What the exercise asks:
Everything from the line containing "Knowledge Series 2015" through the last line of the data below should be given again exactly, both end lines included and nothing more.

Available data:

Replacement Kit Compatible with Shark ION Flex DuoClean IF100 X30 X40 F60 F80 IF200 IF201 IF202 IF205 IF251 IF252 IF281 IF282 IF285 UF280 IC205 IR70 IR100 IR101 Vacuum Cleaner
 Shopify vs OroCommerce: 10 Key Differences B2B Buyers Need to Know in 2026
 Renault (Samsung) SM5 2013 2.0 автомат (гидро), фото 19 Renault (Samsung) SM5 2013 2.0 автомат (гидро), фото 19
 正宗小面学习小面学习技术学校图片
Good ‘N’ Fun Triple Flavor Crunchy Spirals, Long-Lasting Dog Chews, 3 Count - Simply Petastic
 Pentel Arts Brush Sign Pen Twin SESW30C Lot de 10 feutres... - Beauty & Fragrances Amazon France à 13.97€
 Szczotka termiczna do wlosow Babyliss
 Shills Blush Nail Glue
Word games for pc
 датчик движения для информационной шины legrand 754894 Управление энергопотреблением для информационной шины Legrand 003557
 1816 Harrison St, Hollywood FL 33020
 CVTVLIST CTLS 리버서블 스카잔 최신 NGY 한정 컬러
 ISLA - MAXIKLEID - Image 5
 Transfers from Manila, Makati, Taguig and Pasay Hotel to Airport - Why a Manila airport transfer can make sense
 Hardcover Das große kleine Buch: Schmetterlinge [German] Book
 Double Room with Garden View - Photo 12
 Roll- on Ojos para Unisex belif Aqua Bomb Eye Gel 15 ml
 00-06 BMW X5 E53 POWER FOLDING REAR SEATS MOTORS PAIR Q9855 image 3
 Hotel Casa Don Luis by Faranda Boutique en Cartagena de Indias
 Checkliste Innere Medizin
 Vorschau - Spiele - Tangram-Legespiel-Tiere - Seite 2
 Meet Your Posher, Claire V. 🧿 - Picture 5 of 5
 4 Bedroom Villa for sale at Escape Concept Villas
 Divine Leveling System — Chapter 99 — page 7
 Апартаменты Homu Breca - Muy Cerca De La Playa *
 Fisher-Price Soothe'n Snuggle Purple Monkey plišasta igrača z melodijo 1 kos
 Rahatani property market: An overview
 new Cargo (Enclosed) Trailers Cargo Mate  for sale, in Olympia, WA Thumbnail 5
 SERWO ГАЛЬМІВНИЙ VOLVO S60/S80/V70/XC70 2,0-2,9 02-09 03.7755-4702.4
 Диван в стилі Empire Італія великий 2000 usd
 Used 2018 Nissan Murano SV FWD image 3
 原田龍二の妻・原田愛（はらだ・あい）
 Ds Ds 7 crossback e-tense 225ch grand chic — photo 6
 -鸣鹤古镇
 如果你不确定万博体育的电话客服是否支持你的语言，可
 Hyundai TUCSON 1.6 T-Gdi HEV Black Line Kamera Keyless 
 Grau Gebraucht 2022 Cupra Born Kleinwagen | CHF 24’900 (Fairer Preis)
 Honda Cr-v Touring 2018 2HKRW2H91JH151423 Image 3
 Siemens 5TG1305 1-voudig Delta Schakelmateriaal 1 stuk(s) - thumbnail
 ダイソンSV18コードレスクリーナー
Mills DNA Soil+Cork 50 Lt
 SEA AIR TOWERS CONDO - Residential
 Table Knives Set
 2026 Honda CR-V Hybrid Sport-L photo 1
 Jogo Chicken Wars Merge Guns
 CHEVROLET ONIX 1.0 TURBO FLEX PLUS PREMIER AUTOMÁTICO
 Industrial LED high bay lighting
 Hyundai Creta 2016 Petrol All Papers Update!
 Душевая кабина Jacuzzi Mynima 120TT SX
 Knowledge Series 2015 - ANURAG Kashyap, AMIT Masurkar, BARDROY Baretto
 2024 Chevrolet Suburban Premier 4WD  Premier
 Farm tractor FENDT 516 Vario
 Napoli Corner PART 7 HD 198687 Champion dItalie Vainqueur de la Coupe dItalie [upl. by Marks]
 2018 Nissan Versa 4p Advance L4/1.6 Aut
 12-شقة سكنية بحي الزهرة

Response below:
 Knowledge Series 2015 - ANURAG Kashyap, AMIT Masurkar, BARDROY Baretto
 2024 Chevrolet Suburban Premier 4WD  Premier
 Farm tractor FENDT 516 Vario
 Napoli Corner PART 7 HD 198687 Champion dItalie Vainqueur de la Coupe dItalie [upl. by Marks]
 2018 Nissan Versa 4p Advance L4/1.6 Aut
 12-شقة سكنية بحي الزهرة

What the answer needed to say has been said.